Kael is mentioned in the documentary’s opening fanfare, and never again after that: a crucial omission. I say that not just because, as a critic who grew up with her, Kael looms large for me, but because she was the magazine’s most popular and important writer for 25 years. (What, you’re going to say it was John McPhee?)

Mysterious Kael snub aside, “The New Yorker at 100” spotlights those moments when the magazine shifted the culture and altered the essence of journalism. John Hersey’s “Hiroshima,” the revelatory 30,000-word report on the aftermath of the dropping of the nuclear bomb (it took up an entire issue in 1946), was devoured the world over. It was, in effect, the documentary that the U.S. government wouldn’t allow to be made. Rachel Carson’s “Silent Spring,” written in installments for The New Yorker as she was dying of cancer, was the book that launched the environmental movement. In 1962, Shawn recruited an unknown writer named James Baldwin to write a piece about the Black experience of racism that became the eye-opening template for “The Fire Next Time.” And Truman’s Capote’s “In Cold Blood,” serialized in The New Yorker, birthed not only the true-crime genre but the non-fiction novel. It proved highly controversial, because Capote made up certain conversations, and Shawn ultimately said that he regretted publishing it. But its influence was immeasurable.

It’s easy to make a case for The New Yorker’s singularity based on seismic works of journalism like these. Yet “The New Yorker at 100” gets into how The New Yorker has long been a magazine devoted not just to seriousness but delight, and how those two qualities are symbiotic. Everything in the magazine is aesthetic — the beautiful covers, the way the words on the page have the feel of physical objects. Jon Hamm, Molly Ringwald, Ronny Chieng, and Jesse Eisenberg (who became a contributor of humor pieces) each sit for an interview in one of the magazine’s original wooden office chairs, testifying to the effect the magazine had on them.
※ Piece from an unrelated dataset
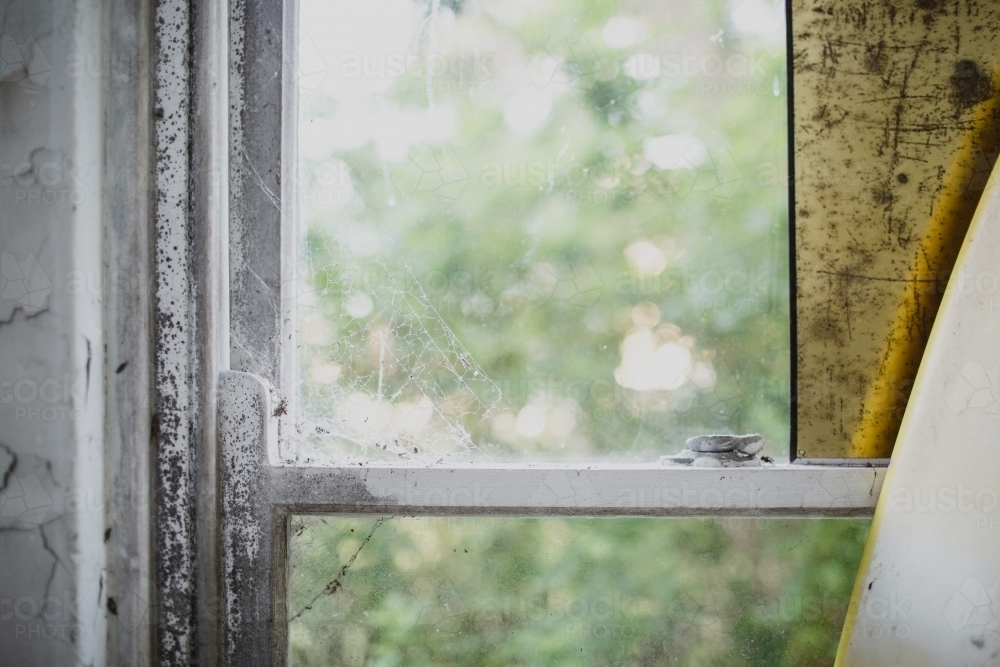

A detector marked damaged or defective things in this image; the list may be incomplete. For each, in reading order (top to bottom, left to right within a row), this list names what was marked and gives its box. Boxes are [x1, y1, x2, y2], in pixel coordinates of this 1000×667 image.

white wall with flaking paint [0, 1, 107, 664]
rusty yellow surface [792, 0, 1000, 460]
Yet the documentary references the nearly iconic joke about how issues of the magazine would pile up in people’s homes, like the ultimate unread homework assignment. Was — is — The New Yorker too precious for its own good? Occasionally yes, mostly no.

And 100 years on, what I continue to find extraordinary about The New Yorker — I think this is key to what Remnick, in the film, calls “miraculous” about it — is that the magazine was founded, in the Algonquin Roundtable ’20s, as a way of looking at the world that, in its casual American insouciance, would remain above the fray. And it stayed above the fray, even as it drew closer to the perils of the real world (the disaster of a nuclear holocaust, the murder of the environment by chemicals, the psychological murder that is racism, the violence that would begin to tear through Middle America) than any other journalistic institution did. Now, a century later, as the proliferation of shabby and kaleidoscopic media threatens to tear our very perception of reality apart, The New Yorker is still above the fray. We might need it now more than ever, even as it undergoes the ultimate stress test: Is there a place in our fractious civilization for a publication this civilized?